You’ve found your soulmate and are looking forward to the big day! You can’t wait to ride off into the sunset together after the reception. But what do you do when your mother-in-law calls you five minutes after you’ve left to make sure you got on the road ok? Or when she calls first thing the next morning to see how your night went? Hopefully, this is an extreme example and something you won’t encounter. But it is important for you and your partner to have open conversations about in-laws and expectations. Because in some ways it’s true – you’re marrying the whole family.

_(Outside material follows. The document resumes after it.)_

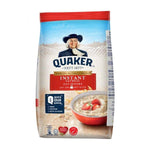 Bowl of Quaker Quick Instant Oats in a bowl with a spoon, showcasing the ready-to-eat oatmeal product from Quaker.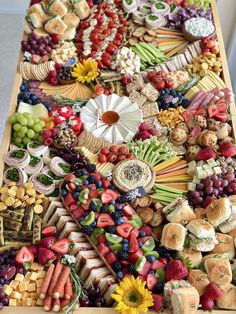 a table covered in lots of different types of food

Have you thought about how much time you plan to spend with your family after you’re married? Have you discussed it with your partner? Do you know how much time he or she wants to spend with their own family? Maybe you anticipate seeing your family once a week while your partner would prefer something less frequent. Perhaps you’d like to go as a couple to extended family gatherings, but your partner is more comfortable staying at home while you go alone.

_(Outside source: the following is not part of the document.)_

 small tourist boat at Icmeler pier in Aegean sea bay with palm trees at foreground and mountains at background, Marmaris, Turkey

Then there’s the issue of holidays. Will you spend them separate from your families of origin? Will you split the holidays and spend the morning with your family while you spend the afternoon with the in-laws? Or, for example, will you alternate holidays – spending Thanksgiving with one family and Christmas with the other? Will these arrangements change if you have kids?
Then we come back to money (see our previous post). How important is it to you to be financially independent from your parents and your in-laws? Is it just as important to your partner? Your partner may be quick to turn to parents or grandparents for a loan while you may want to avoid it at all costs (or vice versa). Or perhaps you have different views on whether or not you want to loan money to other family members. Maybe for one of you it’s important because it’s a family member, while the other finds it difficult because it’s the third loan and you’ve never received any of the money back.
Also important to discuss is the issue of elder parent care. For some of you, this may be far off and hard to think about. However, for some this may be close at hand or an issue tied with strong emotions. Should either set of parents get to a place where they are no longer able to live independently do you know what living arrangements you or your partner would be comfortable with? If they need full-time care would you be more comfortable with them living with you or in an assisted living facility? Would you pay for the facility?
None of the above questions are designed to scare you. Instead, the hope is that they will act as a springboard for conversation with your partner. Take some time to think about where you stand on some of the issues, share them with your partner, and listen to their views.